Vistas estas cifras, me asombra cada día tener la sensación de asistir a un empobrecimiento, a un maltrato y cuasi a la prostitución de nuestra riqueza lingüística. Tengo que reconocer que me crispan especialmente  palabros (término aceptado ya como válido por la RAE) mezclados con otros idiomas o españolizados a su libre albedrío, en lugar de encontrar una sociedad que aprovecha las ingentes herramientas, a disposición de cualquiera, para hacer honor a nuestro lenguaje, un gran tesoro del que otros idiomas no pueden presumir.

Cuando la Real Academia Española admite términos que han estado mal expresados toda la vida (la calor, el uso del laísmo, almóndiga, toballa, asín, vagamundo, friqui, otubre…) ¡manda uebos! (unas de las veinte aceptadas en 2017) he de reconocer que un pellizco me estremece el estómago y mi alma derrama alguna que otra lágrima. ¿Éste es el lenguaje que queremos como patrimonio para nuestra admirada literatura? ¿Un lenguaje lleno de vulgarismos, anglicismos y palabras sin raíz semántica ni cultura que las avale?

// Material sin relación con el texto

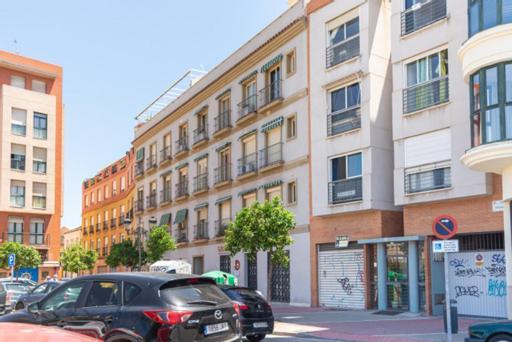 Апартаменти Centro Historico Parking Gratis Sr2 Малага Екстер'єр фото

Que Dios nos pille confesados…

Cuando era niña, recuerdo un juego muy divertido que inventó mi hermano a fin de superar el tedio de las largas horas de siesta del verano. Consistía en que los participantes debíamos definir una palabra escogida, al azar, del diccionario español por la persona que lideraba cada turno. Se iban leyendo los resultados en una rueda de exposición y se puntuaba la definición que creíamos que se acercaba más al significado real. Como se puede imaginar, la diversión que nos provocaba rozaba el paroxismo por el caudal de disparates que improvisábamos. Aquel inofensivo juego me descubrió muchas palabras que hoy agradezco y que incorporo a mi devenir diario.

La utilización política del lenguaje es otro de mis talones de Aquiles. El mal uso del femenino/masculino en las palabras me aleja del discurso (y en algunos casos confieso que hasta de la persona) desde el momento que escucho los famosos señores y señoras, ciudadanos y ciudadanas, votantes y votantas… ¡Por favor, qué horror!

En fin, aquellos lodos trajeron estos barros… una sociedad que no lee será una sociedad que no piensa. Conservaré la esperanza, aunque no veo a las nuevas generaciones en esas lides.